Despite claiming that their book ‘uncovers the latest marketing tactics and discovers what big corporations are really up to’, it is not really the tactics that the authors object to but the ends to which they are put. They bemoan pester power when it’s exploited by corporations, but are conspicuously quiet about its government-approved use in schools to get children to guilt-trip their parents into recycling, for instance.

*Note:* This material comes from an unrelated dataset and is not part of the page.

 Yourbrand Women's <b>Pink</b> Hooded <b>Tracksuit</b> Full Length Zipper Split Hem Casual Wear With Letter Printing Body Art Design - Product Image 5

And while they rightly reject the marketing industry’s attempts to give its actions a socially responsible sheen, they take pretty much everything else it says as read. You don’t have to be a genius to see that marketing professionals have a vested interest in persuading people that what they do is incredibly effective (hence the almost mystical significance attached to ‘the brand’) but this beginner-level knowledge seems to have escaped Mayo and Nairn.
Attacking parents
Companies and corporations are not the only ones who come in for criticism. Mayo and Nairn also appear to have a rather dim view of parents, despite claiming to look out for their interests. This particularly comes out in the section about diet and obesity. As many critics have pointed out, the measure of obesity has been expanded in recent years to cover more and more people until it has become effectively meaningless. So we might sympathise with the parent (quoted in the book) who says of their child, ‘I don’t really think about whether [my children] are physically healthy because I can see that they are. If they were ill, I would know’. But according to Mayo and Nairn, if we dispute official advice that our children are overweight or obese, we are simply fooling ourselves.
I could go on…
…because there’s something to object to on almost every page. In that at least the book is good value. Nevertheless, the authors and I agree on something fundamental. There are much better ways of organising society than around commerce and there are better things we could be doing with our collective time than creating Barbie dolls or pole dancing kits. But if we are unhappy with the consumerist society, we need rigorous political debate about what could replace it, and honest discussion about which aspects of it work and which don’t. The jaundiced and one-sided picture presented by this book muddies rather than clarifies our understanding of the world we live in, and the authors’ willingness to cast parents and children as victims, helpless in the face of all-encompassing consumerism, is arguably more disempowering and destructive than the things they criticise.
Having said all that, the second part of the book is a different matter altogether. Entitled ‘Children Set Free’, it looks at ways in which children have turned the commercial world to their advantage, and finally takes the open-minded and inquisitive approach promised at the beginning of the book. This I found genuinely thoughtful and interesting, but it takes up a paltry fifth of the page count and is so bizarrely at odds with the previous chapters it feels like it was written by different people.
Mayo and Nairn suggest these closing chapters ‘could offer a vision of a society that … neither relegates children to the position of someone else’s customer nor assumes that they will be passive victims that need to be protected by older generations.’ A noble sentiment, but the authors should reflect upon their own role in relegating children to that position, before they criticise others.